Using Docker to run the course
Alternatively, you can use Docker to run the course in a Docker container.
First, open the Windows 10 PowerShell and cd
into a directory on your computer
(or create one) where it makes sense to download the course directory.
Install Docker by following the instructions in the Docker tutorial.
Then run:
cd c:/my_dir
docker run -it -p 8888:8888 -v /c/my_dir:/course/ \
nbisweden/workshop-reproducible-research:slim
Attention
Note that we use /c/my_dir
and not c:/my_dir
as we normally do on
Windows. This is required for Docker to parse the command correctly.
This will start an isolated container running Linux, where the directory
c:/my_dir
is mounted (i.e. you can access the files in this Windows
directory within the Linux container, and files edited or created within the
Linux container will appear in this Windows directory). Note that the idea is
that you should edit files in the mounted c:/my_dir
using an editor in your
normal OS, say Notepad in Windows. The terminal in the container is for running
stuff, not editing.
You should now be at a terminal in the Docker container. Now clone the GitHub repository containing all the files you will need for the tutorials.

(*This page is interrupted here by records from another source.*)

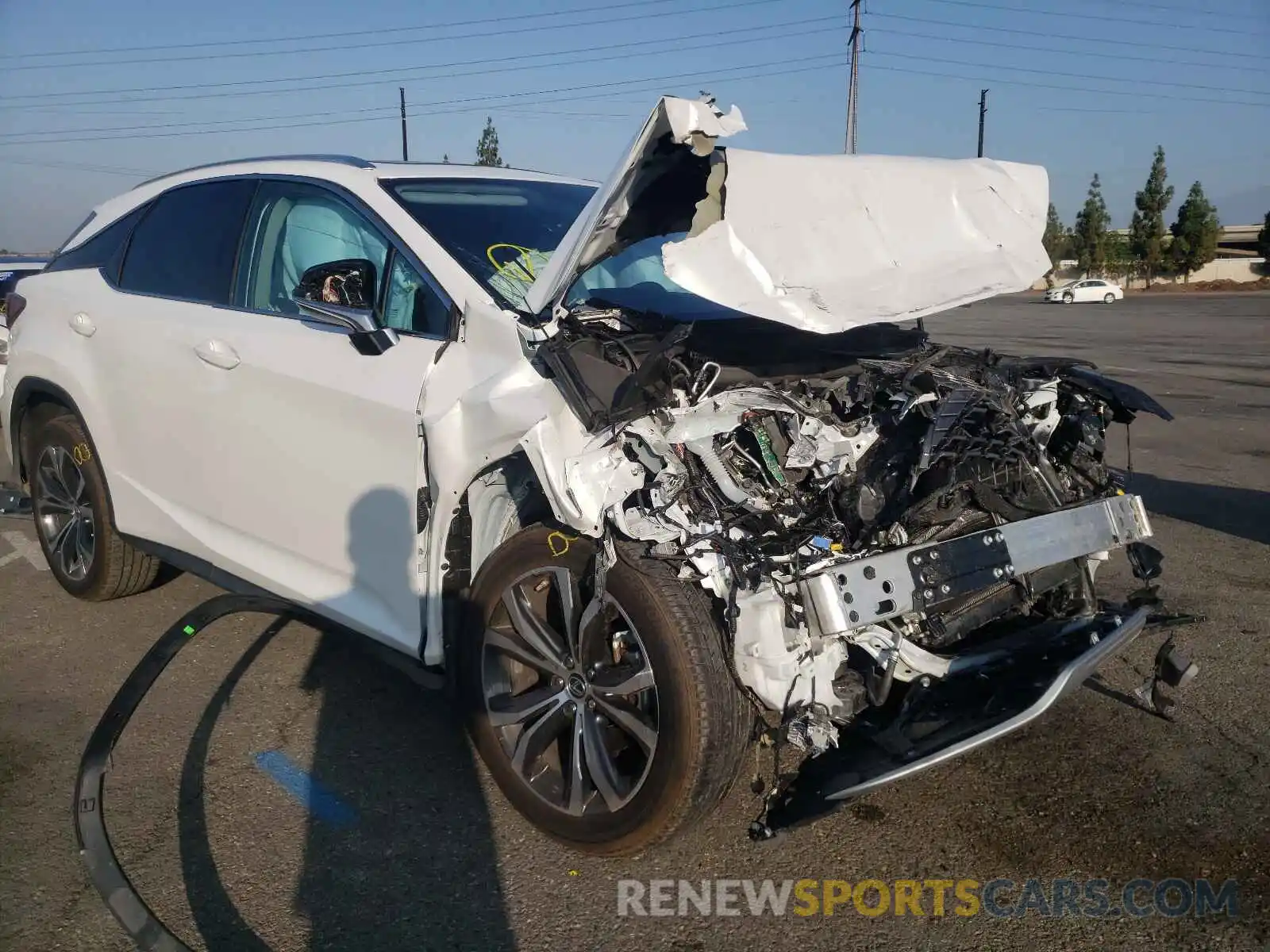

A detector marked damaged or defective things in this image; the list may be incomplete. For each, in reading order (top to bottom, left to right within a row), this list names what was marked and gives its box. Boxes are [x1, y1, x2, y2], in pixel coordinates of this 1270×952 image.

torn sheet metal [523, 96, 746, 314]
crumpled hood [525, 93, 1051, 332]
torn sheet metal [665, 152, 1051, 335]
damaged white suv [0, 97, 1173, 858]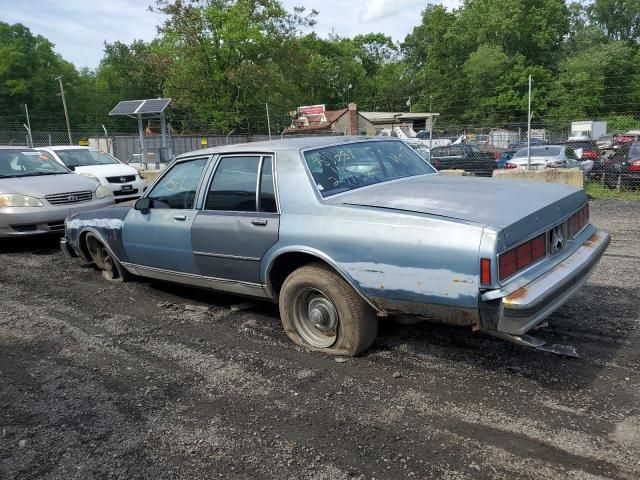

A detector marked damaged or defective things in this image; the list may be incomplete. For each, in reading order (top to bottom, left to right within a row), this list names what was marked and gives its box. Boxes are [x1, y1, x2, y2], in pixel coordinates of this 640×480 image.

rusty car body [60, 137, 608, 354]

git clone https://github.com/NBISweden/workshop-reproducible-research.git
cd workshop-reproducible-research
Setting up persistent conda environments
Because the root file system of each container is an isolated instance, Conda
environments you create during this course will be lost if you exit the
container or if it is killed for some reason. This means that you will have to
recreate each environment every time you run a new container for
the course. To avoid this, you can make sure that Conda uses a subfolder envs/
inside the /course
directory for storing environments. If you run containers
for the course with some folder on your local machine mounted inside /course
that will cause the Conda environments to be available on your local machine
even though they are created inside the container. Should a container be stopped
for some reason you can simply run a new one and activate Conda environments
under /course/envs
, saving you the trouble of recreating them.
What you have to do is to, after you've started a container with the
docker run
command above, first create the envs/
directory:
mkdir /course/envs
Then set the environment variable CONDA_ENVS_PATH
to /course/envs
:
export CONDA_ENVS_PATH="/course/envs"
Now when you use Conda to create environments inside the Docker container for
the course, the environments will be placed in /course/envs
which is also
present on your local system because you mounted the folder inside the
container. Note that you will have to set the CONDA_ENVS_PATH
each time you
start a new container for this to work.
Attention
This usage of persistent Conda environments should be considered an edge case of how you use Docker containers. We do this only to make it easier to run the course through Docker, but in general we do not advocate creating Conda environments separate from the actual Docker container.
Don't worry if you feel that this Docker stuff is a little confusing, it will become clearer in the Docker tutorial. However, the priority right now is just to get it running so that you can start working.